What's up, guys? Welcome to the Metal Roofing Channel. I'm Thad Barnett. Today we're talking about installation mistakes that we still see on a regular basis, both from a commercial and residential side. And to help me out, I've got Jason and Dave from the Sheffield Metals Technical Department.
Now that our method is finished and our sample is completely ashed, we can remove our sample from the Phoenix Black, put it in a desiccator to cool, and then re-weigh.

==

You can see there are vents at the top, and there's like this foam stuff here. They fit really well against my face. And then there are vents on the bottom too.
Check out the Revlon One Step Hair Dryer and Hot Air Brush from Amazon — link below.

=== Your objective ===
Go through the material above, and wherever a line contains the string "then", return it.

=== Response to the task ===
Now that our method is finished and our sample is completely ashed, we can remove our sample from the Phoenix Black, put it in a desiccator to cool, and then re-weigh.
You can see there are vents at the top, and there's like this foam stuff here. They fit really well against my face. And then there are vents on the bottom too.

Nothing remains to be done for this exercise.